_Aim of the exercise_
For each line of the material, check for the string "open"; then state how many lines had it, giving only the number.

Task inputs Block Start

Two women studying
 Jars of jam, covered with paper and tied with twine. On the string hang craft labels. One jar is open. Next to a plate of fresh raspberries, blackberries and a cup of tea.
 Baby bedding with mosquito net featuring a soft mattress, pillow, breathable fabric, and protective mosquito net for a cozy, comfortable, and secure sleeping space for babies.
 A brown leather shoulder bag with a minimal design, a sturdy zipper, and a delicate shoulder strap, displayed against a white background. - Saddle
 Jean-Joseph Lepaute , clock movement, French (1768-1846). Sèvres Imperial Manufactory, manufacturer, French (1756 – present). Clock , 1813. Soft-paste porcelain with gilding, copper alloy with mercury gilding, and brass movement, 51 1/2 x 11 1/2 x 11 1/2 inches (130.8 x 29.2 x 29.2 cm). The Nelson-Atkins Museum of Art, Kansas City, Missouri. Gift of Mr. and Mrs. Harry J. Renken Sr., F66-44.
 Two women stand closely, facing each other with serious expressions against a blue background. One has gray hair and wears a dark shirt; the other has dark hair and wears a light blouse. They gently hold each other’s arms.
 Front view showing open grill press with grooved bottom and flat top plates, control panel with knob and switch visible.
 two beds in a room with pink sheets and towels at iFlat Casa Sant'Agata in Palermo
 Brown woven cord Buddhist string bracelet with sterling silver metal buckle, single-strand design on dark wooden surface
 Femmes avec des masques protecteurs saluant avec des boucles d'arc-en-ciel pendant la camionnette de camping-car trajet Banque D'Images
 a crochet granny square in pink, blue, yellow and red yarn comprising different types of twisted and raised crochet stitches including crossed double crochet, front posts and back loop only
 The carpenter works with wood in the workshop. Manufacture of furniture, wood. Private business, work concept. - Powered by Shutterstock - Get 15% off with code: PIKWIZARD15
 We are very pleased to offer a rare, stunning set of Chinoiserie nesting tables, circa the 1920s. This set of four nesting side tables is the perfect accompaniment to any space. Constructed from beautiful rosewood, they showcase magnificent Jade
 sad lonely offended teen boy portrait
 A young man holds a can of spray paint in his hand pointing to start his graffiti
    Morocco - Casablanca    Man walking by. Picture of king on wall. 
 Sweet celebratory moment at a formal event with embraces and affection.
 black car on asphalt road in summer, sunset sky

Task inputs Block End

_Expected answer_
2